Since the free fatty acids are relatively insoluble in water, they bind to albumin and are slowly transported to the liver or other tissues that require these molecules as building blocks or energy.
Glycerol is soluble in water and is transported to the liver or to other cells that could use this molecule. The free glycerol equilibrates among both the interstitial fluid compartment (tissue fluids) and systemic (blood) fluid compartments.
If the released TG is not broken down, it may bind to very low density lipoprotein (VLDL) particles found in the lymph system. VLDL is further processed to other lipoprotein classes (IDL, LDL) and ultimately transported to the liver for recycling back to free glycerol and free fatty acids.
All of these pathways have a huge capacity and fast response times in terms of handling TG, as witnessed in the removal of TG in 3-4 hrs after digesting a 2000 calorie milkshake.
SUMMARY
In conclusion, the released TG or derivatives are processed by known metabolic pathways.

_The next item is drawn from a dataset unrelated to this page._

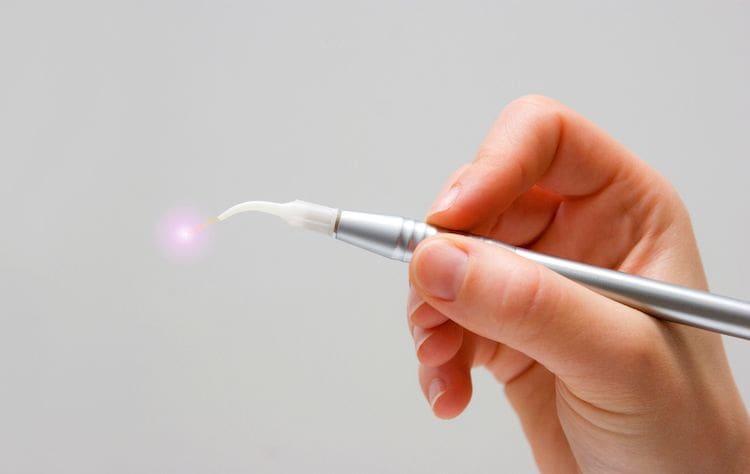 Laser Dentistry in Crystal Lake, IL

No unnatural or new metabolic pathways are required for the body to process the released TG. In addition, TG from adipocytes treated by LIPOCLASERXL ultimately travel to the liver, where they are recycled to meet the continuing demands of the body.
LIPOCLASERXL is therefore superior to the previous Ultrasound generation based on high frequencies of 3 Mhz and also the very aggressive high intensity focused ultrasound (HIFU).
LIPOCLASERXL operates at 38 Khz in either continuous or pulsed mode, dynamically generating a range of frequencies of +/- 2 Khz which increase the resonance effect on the fat cells.